_Recorded data_

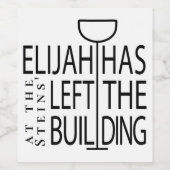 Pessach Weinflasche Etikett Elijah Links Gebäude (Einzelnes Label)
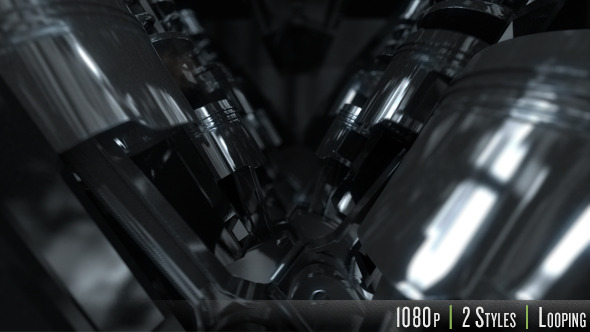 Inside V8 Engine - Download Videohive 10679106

==

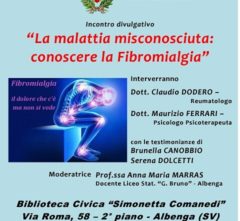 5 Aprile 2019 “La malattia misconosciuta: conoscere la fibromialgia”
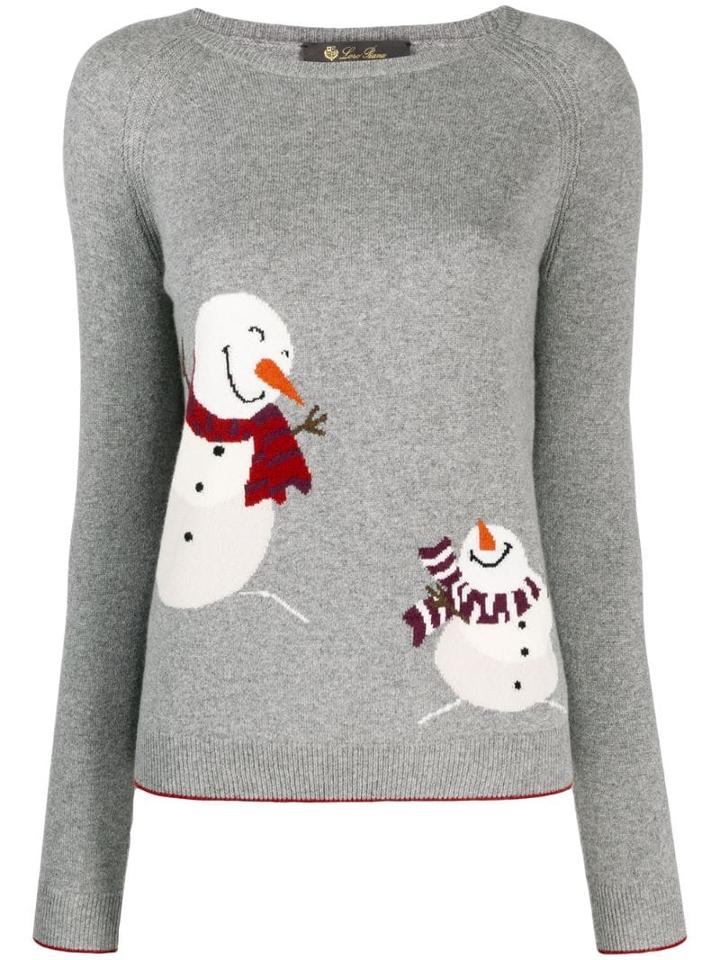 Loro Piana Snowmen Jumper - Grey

_Required action_
Starting at the line containing "Pessach Weinflasche Etikett" and stopping at the line containing "Inside V8 Engine", output each line exactly as it appears above. Leave out the pictures.

_Answer for the task_
 Pessach Weinflasche Etikett Elijah Links Gebäude (Einzelnes Label)
 Inside V8 Engine - Download Videohive 10679106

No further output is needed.